在一种实施方式中,所述组合含有表达了单胺氧化酶和葡萄糖脱氢酶的重组大肠杆菌,和表达醇脱氢酶的重组大肠杆菌。
在一种实施方式中,所述组合含有表达了醇脱氢酶和葡萄糖脱氢酶的重组大肠杆菌,和表达单胺氧化酶的重组大肠杆菌。
本发明还提供了含有所述重组大肠杆菌的细胞催化剂。
在一种实施方式中,所述细胞催化剂是按如下方法制得:将所述重组大肠杆菌接种于LB培养基,于30~37℃培养至细胞OD600达到0.6~0.8后,加入终浓度为0-1.0mM的IPTG,在25℃诱导表达培养15h。
本发明还提供了一种生产羟基酪醇的方法,所述方法以所述重组大肠杆菌或所述重组大肠杆菌组合为细胞催化剂,在含多巴胺的体系中催化生产羟基酪醇。
在一种实施方式中,所述反应体系还含有过氧化氢酶;所述过氧化氢酶的添加量≥20U/mL。
在一种实施方式中,所述反应体系中按终浓度计,含有细胞(湿重)1-200g/L,多巴胺1-200g/L,葡萄糖1-200g/L,过氧化氢酶1-200U/mL、NAD+0-1g/L,pH 5.0-9.0;于15-40℃反应,时间1-48小时。
本发明还提供所述重组大肠杆菌,或所述细胞催化剂,或所述方法在生产含羟基酪醇的产品中的应用。
有益效果:
(1)本发明构建了强化表达单胺氧化酶、醇脱氢酶和葡萄糖脱氢酶的基因工程菌,并应用于羟基酪醇的生产;该方法采用的底物为多巴胺,易于获得。
(2)本发明通过合理的表达策略,在表达单胺氧化酶、醇脱氢酶的同时,还表达葡萄糖脱氢酶,利用葡萄糖脱氢酶将NAD+还原成NADH,实现了NAD+辅酶再生。
(3)本发明还通过表达过氧化氢酶或向反应体系中添加过氧化氢酶,消除单胺氧化酶氧化多巴胺产生的过氧化氢,有效地保证了酶催化反应的持续进行。
(4)本发明通过组成型表达NAD+补救途径限速酶烟酸磷酸核糖基转移酶,有效降低成本,同时减少副产物的产生,有利于下游工程进行分离纯化。
附图说明
图1为本发明构建新途径中全细胞催化多巴胺转化为羟基酪醇的路径图。
图2实施例4中合成得到的羟基酪醇的液相图谱。
图3为实施例5不同菌株生产羟基酪醇的能力。
图4为实施例6中过氧化氢酶对全细胞催化过程生产羟基酪醇的效果。
图5为实施例9中诱导剂IPTG添加量对生产菌诱导后生产羟基酪醇的影响。
图6为实施例11中全细胞催化过程中转化多巴胺到羟基酪醇的液相图谱。
具体实施方式
1、本发明所涉及的菌株及质粒
购自Novagen公司的pET-28a(+)质粒和Escherichia coli BL21(DE3)。
2、多基因共表达体系的构建及细胞的培养
目前大肠杆菌多基因共表达的有多种方法(例如:“大肠杆菌多基因共表达策略,中国生物工程杂志,2012,32(4):117-122”这篇文章所记载的方法),在本发明的实施方式中,采用刘向磊的博士论文(合成生物学技术改造大肠杆菌生产莽草酸及白藜芦醇,2016,上海医药工业研究院)所记载的方法来构建重组大肠杆菌。在本发明的实施方式中,共表达多基因时,每个基因前均包含启动子和RBS结合点。理论上来讲,因为每个基因前都有启动子和RBS,因此,基因的表达强度受基因在质粒上的排列次序的影响不大。将构建好的质粒热转导入大肠杆菌感受态细胞中,并涂布于单抗或混合抗生素固体平板上,筛选得到阳性转化子,即得到重组大肠杆菌。
细胞的培养:根据经典的重组大肠杆菌培养及诱导表达方案,将重组大肠杆菌按体积比为2%的量转接到LB发酵培养基(蛋白胨10g/L、酵母粉5g/L、NaCl 10g/L)中,当细胞OD600达到0.6-0.8后,加入终浓度为0.4mM的IPTG,在25℃诱导表达培养15h。

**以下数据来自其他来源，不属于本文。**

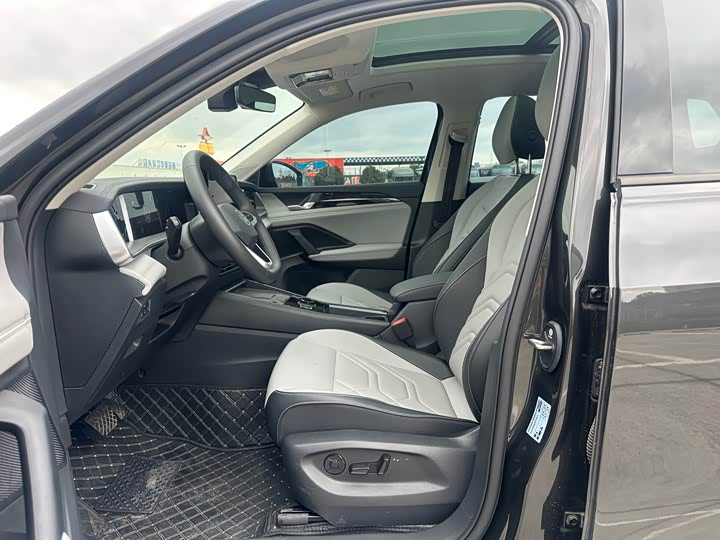 Фото 8 - Volkswagen Tayron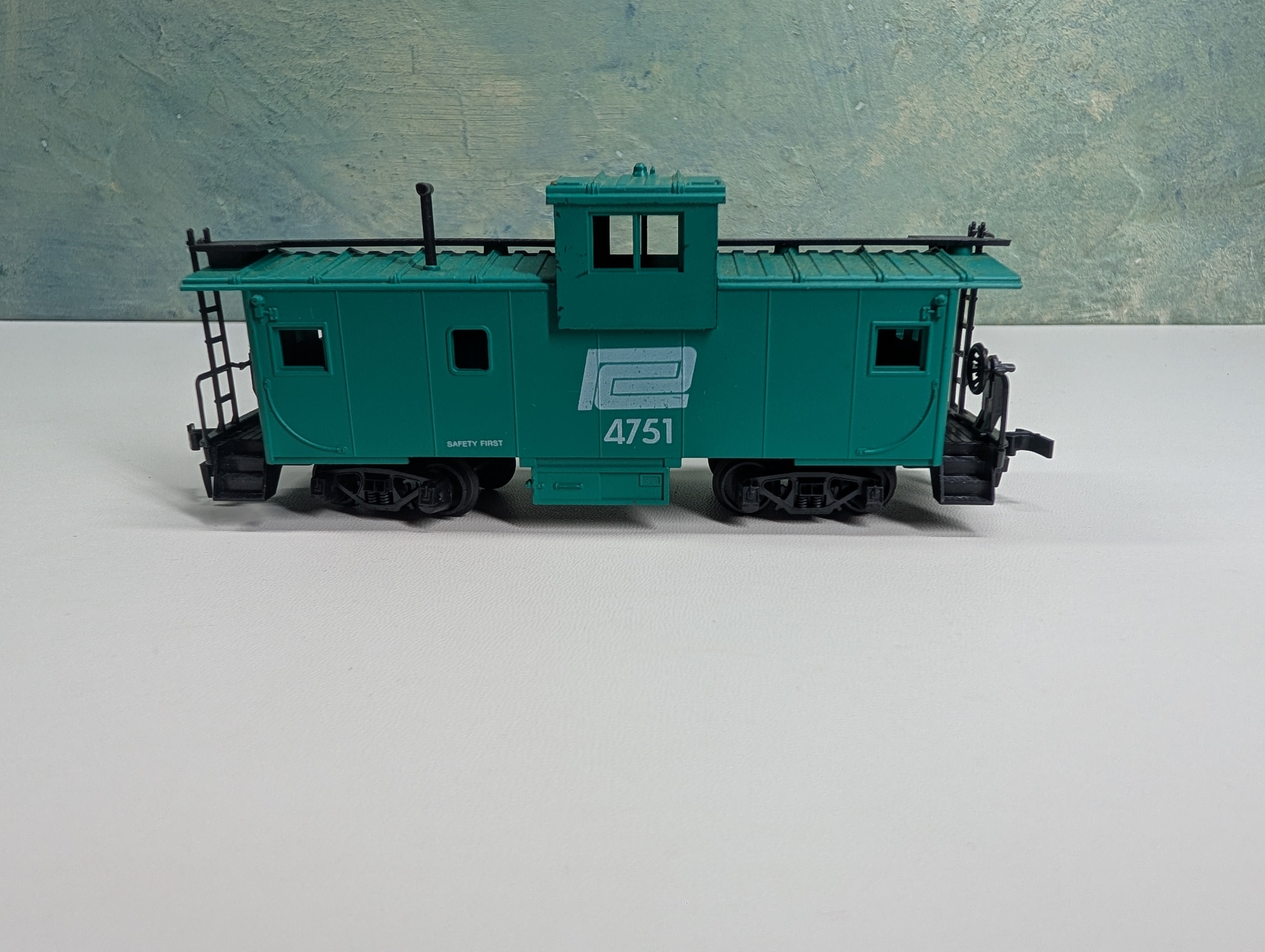 USED HO Scale Caboose Penn Central PC #4751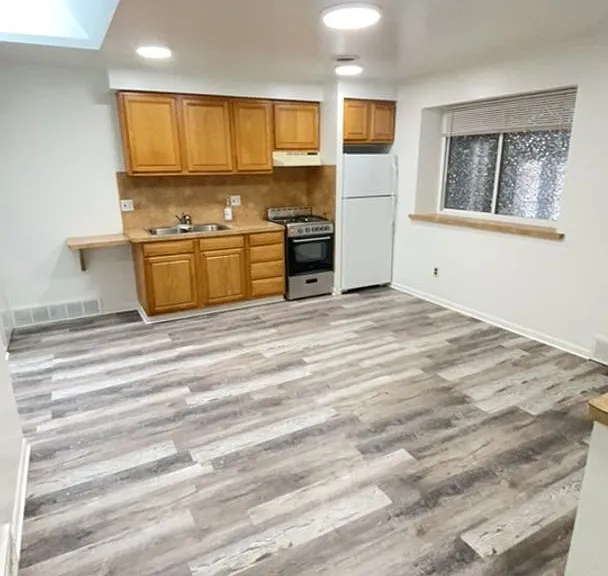 9731 Joseph Campau St — Photo 23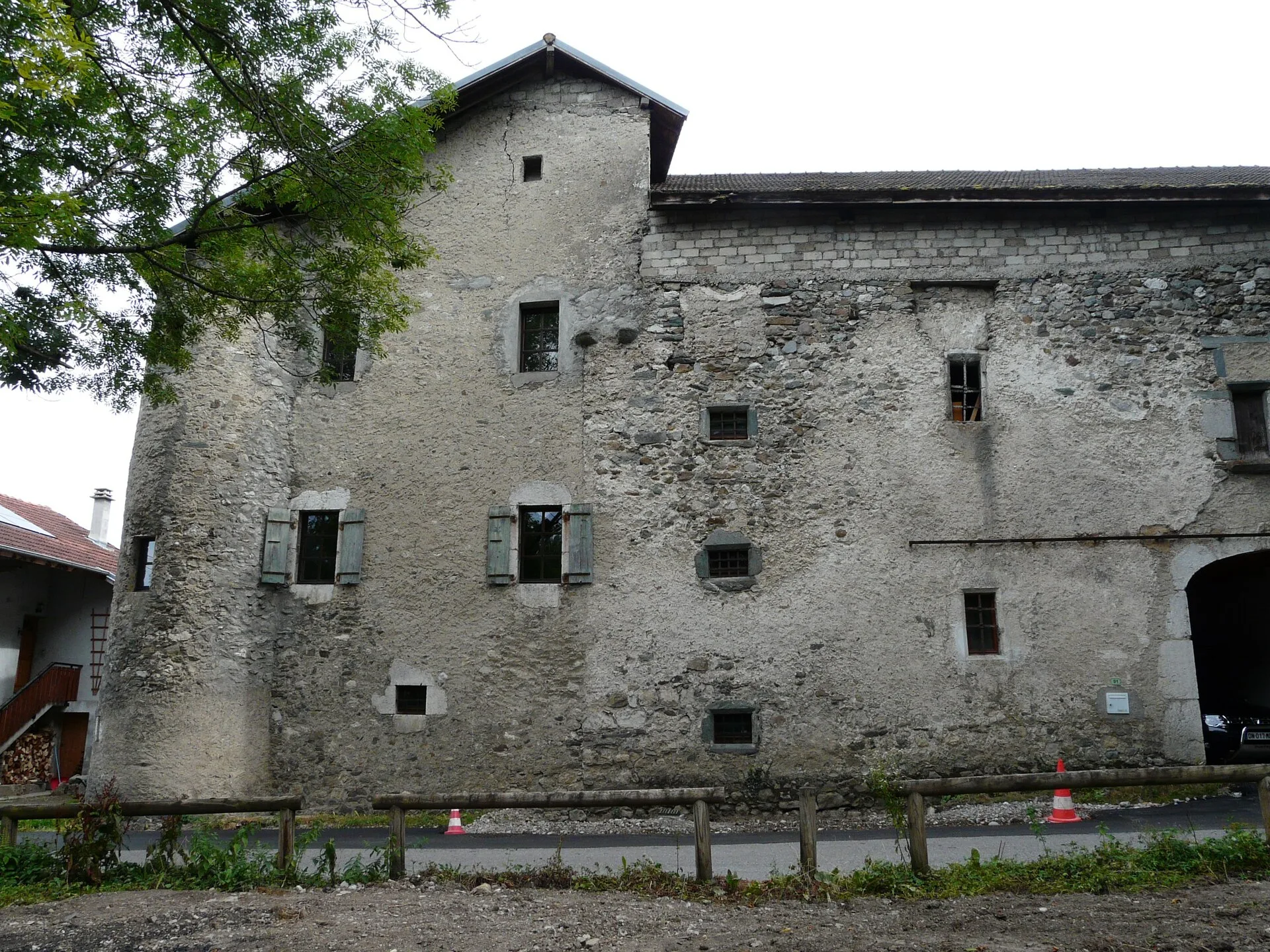 Maison forte de Compey-Lucinge, Féternes – Haute-Savoie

诱导表达结束后,于4℃、8000rpm离心20分钟,收集细胞。
3、相关酶的选择
葡萄糖脱氢酶选择来源于枯草芽孢杆菌(Bacillus subtilis)的葡萄糖脱氢酶GDH,氨基酸序列如GenBank:UHH03386.1所示。
过氧化氢酶选择来源于热球状尿素芽孢杆菌(Ureibacillus thermosphaericus)的过氧化氢酶CAT,氨基酸序列如GenBank:WP_016837596.1所示。
烟酸磷酸核糖基转移酶来源于鼠伤寒沙门氏菌(Salmonella typhimurium)的PNCB,氨基酸序列如GenBank:NP_459979.1所示。
4、样品的检测分析
羟基酪醇的含量检测方法根据文献测定(Efficient Synthesis ofHydroxytyrosol from l-3,4-Dihydroxyphenylalanine Using Engineered Escherichiacoli Whole Cells.J Agric Food Chem2019,67(24),6867-6873.)。
单胺氧化活力测定方法根据文献测定(Optimizing the preparationconditions and characterization of cross-linked enzyme aggregates of amonoamine oxidase.Food science and biotechnology 2016,25(5),1421-1425.)。
醇脱氢酶酶活力(还原活性)测定方法根据文献测定(Characterisation of fivealcohol dehydrogenases from Lactobacillus reuteri DSM20016[J].ProcessBiochemistry,2019,86:73-79.)。
比酶活(U mL-1)定义每mL菌液所具有的酶活力单位。一个酶活力单位(U)定义为1min生成1μmol产物所需要的菌液量。
实施例1基因的克隆
(1)引物设计
设计用于PCR扩增的引物。
表1引物
注:下划线为限制性核酸内切酶位点
(2)PCR扩增
按照Takara公司Genomic DNA Purification Kit试剂盒的使用说明书,抽提处于对数生长期的野生菌株的基因组DNA,以各对应菌株抽提的基因组为模板,进行PCR扩增。扩增体系为:Prime STARHSDNA Polymerase(2.5U/μL)0.5μL、10×PrimeSTAR Buffer 5μL、dNTP Mixture(2.5mM each)4μL、模板DNA 1μL、Up引物(20μM)1μL、Down引物(20μM)1μL、ddH2O补足到50μL。扩增程序为:94℃,30sec;55℃,30sec;72℃,2min,共30个循环:72C,5min。PCR产物送测序。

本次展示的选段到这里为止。